Transformers in music recommendation

Model choice and technical skepticism

  • Several commenters question why transformers are needed over simpler models (Wide & Deep, DCNv2, basic NNs) for short music-action histories.
  • Transformers are seen as useful for long-range dependencies, but some argue that the last few interactions usually suffice to capture “current taste.”
  • Others note that full sequences can encode multiple timescales (right now, recent weeks, time-of-day patterns, willingness to change genre), which may justify sequence models.
  • The work is viewed by some as incremental and non-novel; acceptable as a blog post but not ground‑breaking.

Content understanding vs co-occurrence

  • A major theme is that the described system appears to rely on user actions and track embeddings, not deep analysis of the audio itself.
  • Many argue that without awareness of musical content, recommendation is like a “deaf DJ” driven by charts and behavior.
  • Others counter that collaborative filtering and co-occurrence (e.g., playlist co-membership) are extremely strong baselines and hard to beat, comparable to how language models learn from token relations, not semantics.
  • There is discussion of audio-based features and semantic embeddings (spectral features, self-supervised models), but these are seen as costly and historically underused in large services.

Commercial bias and trust

  • Strong concern that even excellent models are overridden or skewed by commercial incentives.
  • Spotify’s “Discovery Mode” and commission-based boost of priority tracks are cited as examples of pay-influenced recommendations and “smart shuffle” inserting monetizable songs.
  • Some doubt the legality/ethics of unlabeled sponsored recommendations; others note that disclosures exist but are obscure.

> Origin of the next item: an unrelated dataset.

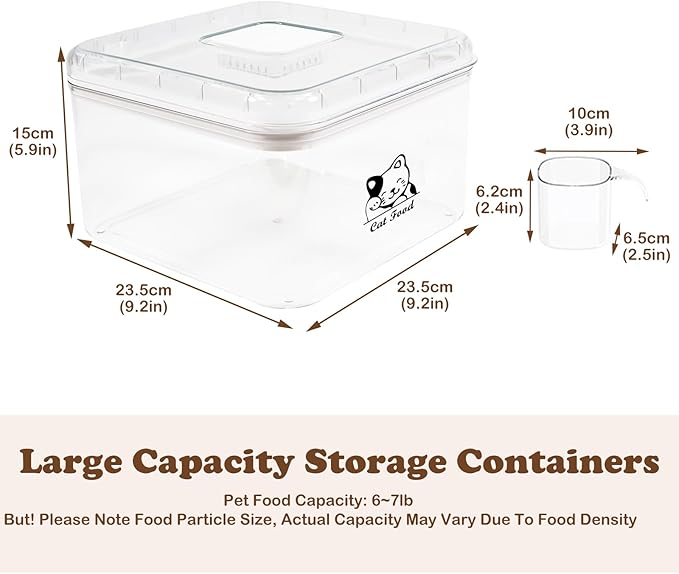 Cat Food Storage Container with Scoop,Plastic Pet Food Container With Flip Up Lid,Cat Food Treats Storage Bin,Keep Food Dry and Fresh,Stackable,Hold up to 6~7Lbs-BPA Free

User experience, mood, and agency

  • Many feel current systems overfit to recent listening, fail to account for mood shifts, and conflate “what I like generally” with “what I’m in the mood for now.”
  • Skip behavior and listening logs are seen as very low-fidelity signals; explicit likes/dislikes and richer context are preferred but rare.
  • Some argue the best discovery is semi-random “crate digging,” not tight personalization. Others want tools for user-driven branching exploration (similar tracks lists, knowledge-graph style navigation) rather than linear “infinite radio.”

Comparisons to existing and past services

  • Rdio and Pandora are frequently praised as having had superior, more serendipitous recommendation, often leveraging expert tagging or earlier Echo Nest similarity.
  • Opinions on current platforms are mixed:
    • Spotify: strong tools and community features, but many complain of homogenized, top‑40‑ish outcomes and label influence.
    • YouTube Music: some report uncannily good “song radios” and next-track choices.
    • Apple Music: viewed as decent but sometimes repetitive or overly focused on popular tracks.

Alternatives, DIY, and open systems

  • Users mention open or niche projects (ListenBrainz, AcousticBrainz, Discogs exploration, personal embedding experiments, custom playlist generators) as better aligned with deep discovery or local collections.
  • There is repeated desire for:
    • Locally run, unbiased recommenders.
    • Systems that surface the long tail, not just already‑popular music.
    • Interfaces that emphasize human curation, social discovery, and knowledge graphs (labels, producers, scenes) alongside any transformer-based ranking.

Ethical and societal concerns

  • Several commenters worry about recommendation systems optimized for engagement turning into addictive “slot machines.”
  • There is debate over whether services should intentionally reduce stickiness (e.g., avoid autoplay) or factor in user wellbeing; others see this as impractical or paternalistic.
  • Some fear powerful recommenders plus commercial pressure will narrow musical diversity over time, steering both listening and production toward a small set of sounds.